C’est que toute la singularité de la pièce tient à l’essence même du projet : le travail avec les détenus. « La plupart d’entre eux ne sont jamais entrés dans une salle de spectacle, ils apportent une fraîcheur comme un certain rapport à la honte. » Lors des premières répétitions, Luca Giacomoni se souvient lorsque il fallait qu’un personnage se mette à genoux, de leur refus de jouer la scène. Vision de la masculinité, sentiment qu’un homme à terre est indigne… il fallait qu’ils voient des professionnels le faire pour vaincre leur réticence et, par le jeu, peut-être apprendre qu’un vaincu n’en est pas moins homme ; que, par-delà le stigmate de l’opprobre, l’humilié porte en lui l’image d’un infini infiniment digne… Inversement, les comédiens rompus aux techniques de la scène ont pu au contact des amateurs se défaire d’une grammaire parfois oublieuse de la spontanéité du jeu et ainsi recouvrer ce qui est vivant dans le spectacle dit vivant.
« Cette rencontre entre ces deux mondes, entre les non-professionnels, les détenus, et les comédiens professionnels, une chanteuse, les musiciens, est ce pour quoi je fais du théâtre. Quand il crée cet espace, ce pont entre deux univers très éloignés l’un de l’autre, le théâtre incarne réellement ce que faire société veut dire. »
Cela étant, l’exigence formelle est primordiale chez le metteur en scène de cette Iliade vibrante de vérité et Luca Giacomoni se défend de faire du « théâtre social ». Pour lui, le théâtre est avant tout écriture, et partant poésie.
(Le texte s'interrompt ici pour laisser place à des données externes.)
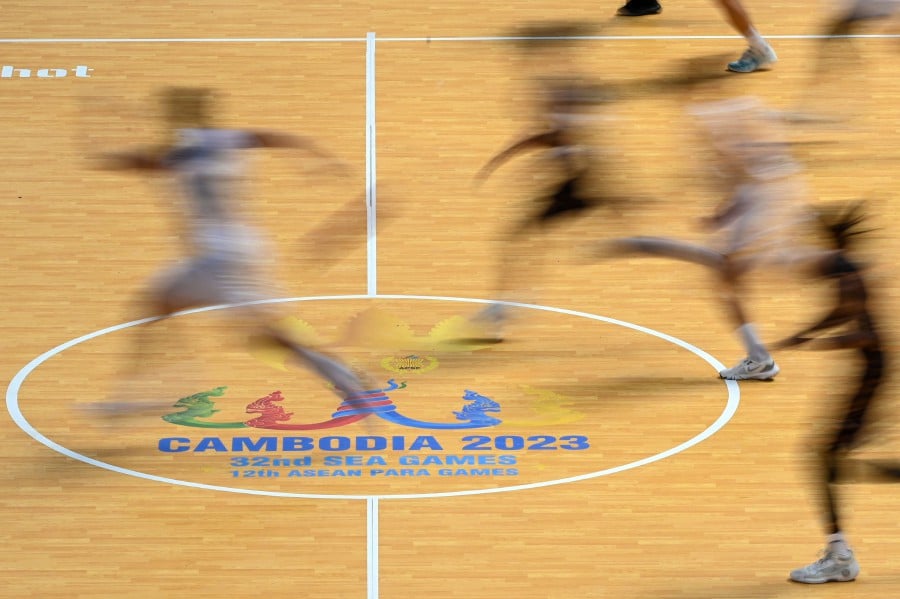 A general view shows players for Thailand (in white) and Malaysia (in black) competing in their women's basketball group stage match at the SEA Games (Southeast Asian Games) in Phnom Penh.-AFP PIC 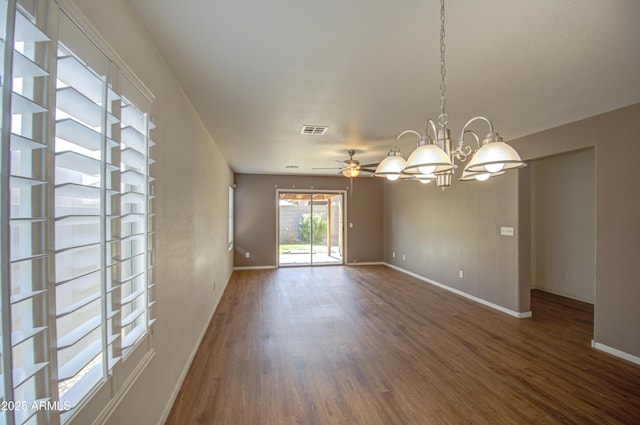 empty room featuring ceiling fan with notable chandelier, visible vents, baseboards, and wood finished floors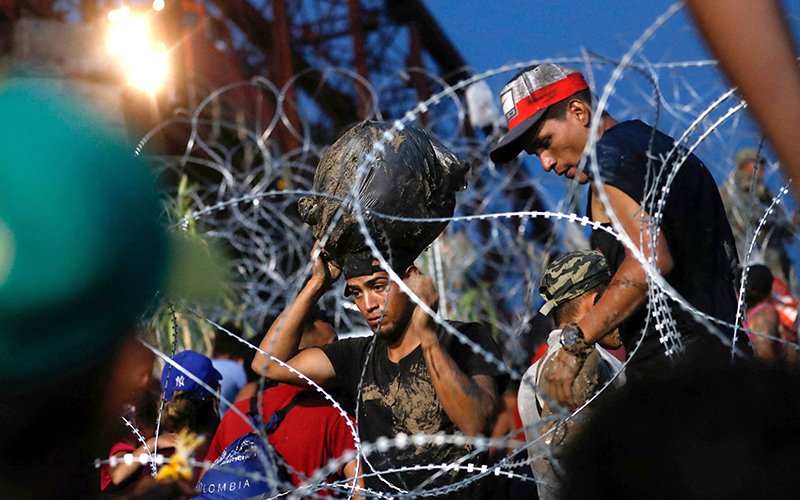 Solicitantes de asilo esperan a orillas del Río Grande en Piedras Negras, México, el 26 de septiembre de 2023, después de cruzar durante su viaje a través de México a Eagle Pass, Texas. El presidente de EE.UU., Joe Biden, firmó el 4 de junio una orden ejecutiva que suspende temporalmente las solicitudes de asilo.
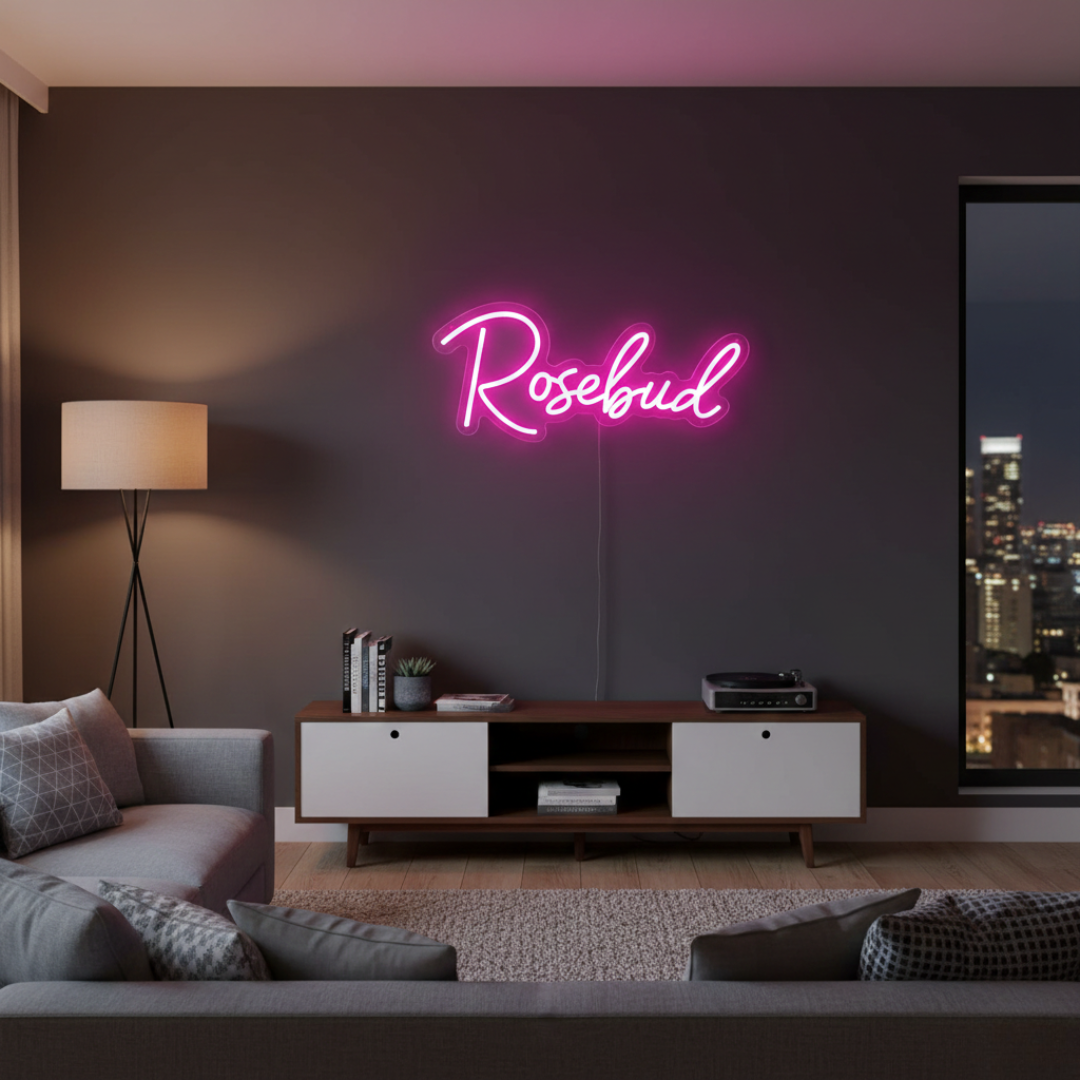 Rosebud Name LED Neon sign by LedNeons.com - glowing softly on a wall, adding a whimsical and personalized decorative touch.
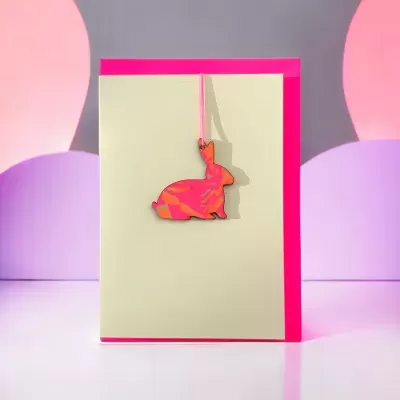 Cartão creme com base fúcsia e coelho pendurado rosa e laranja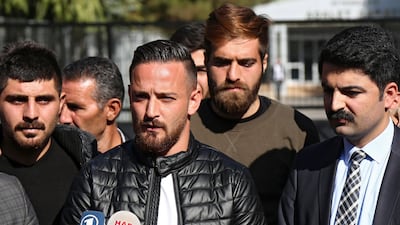 Deniz Naki (C) speaks to the press after the case against him was dropped, in Diyarbakir in 2016. EPA / STR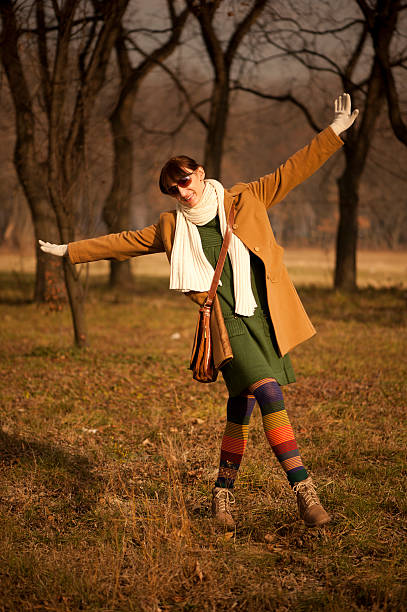 istock Woman with spread hands on autumn day 137167741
La poésie n’a nul besoin d’être engagée.
Qu’elle existe, qu’elle ait droit de cité, est en soi politique.
Sean Rose
(1) Iliade, d’après Homère et Alessandro Barrico, au Théâtre Paris-Villette, 2016
(2) Homère, Iliade, d’Alessandro Barrico (éd. Albin Michel, 2006), texte initialement écrit pour la lecture, a été à son tour adapté aux besoins de la scène avec des ajouts extraits de l’original grec traduit par Pierre Judet de la Combe.